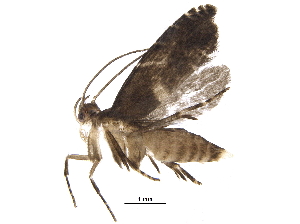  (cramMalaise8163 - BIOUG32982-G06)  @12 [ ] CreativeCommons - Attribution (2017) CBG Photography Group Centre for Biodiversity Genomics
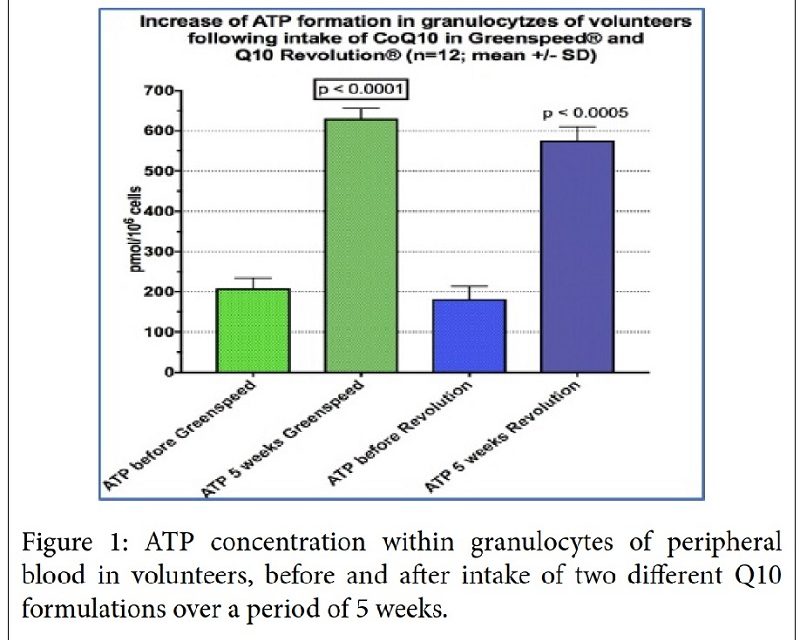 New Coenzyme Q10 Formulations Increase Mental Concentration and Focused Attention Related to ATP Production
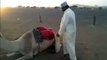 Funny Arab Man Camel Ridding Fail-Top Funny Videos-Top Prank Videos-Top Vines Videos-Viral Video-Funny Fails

--------

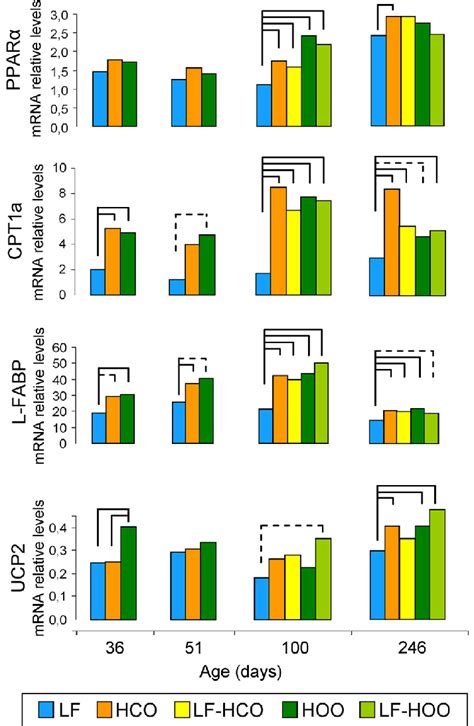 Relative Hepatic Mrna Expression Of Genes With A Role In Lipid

--------

» Exercise brief: Skipping every picture, transcribe exactly the lines above from the one containing "(cramMalaise8163 - BIOUG32982-G06)" through the one containing "New Coenzyme Q10", both included.

» Exercise solution:
  (cramMalaise8163 - BIOUG32982-G06)  @12 [ ] CreativeCommons - Attribution (2017) CBG Photography Group Centre for Biodiversity Genomics
 New Coenzyme Q10 Formulations Increase Mental Concentration and Focused Attention Related to ATP Production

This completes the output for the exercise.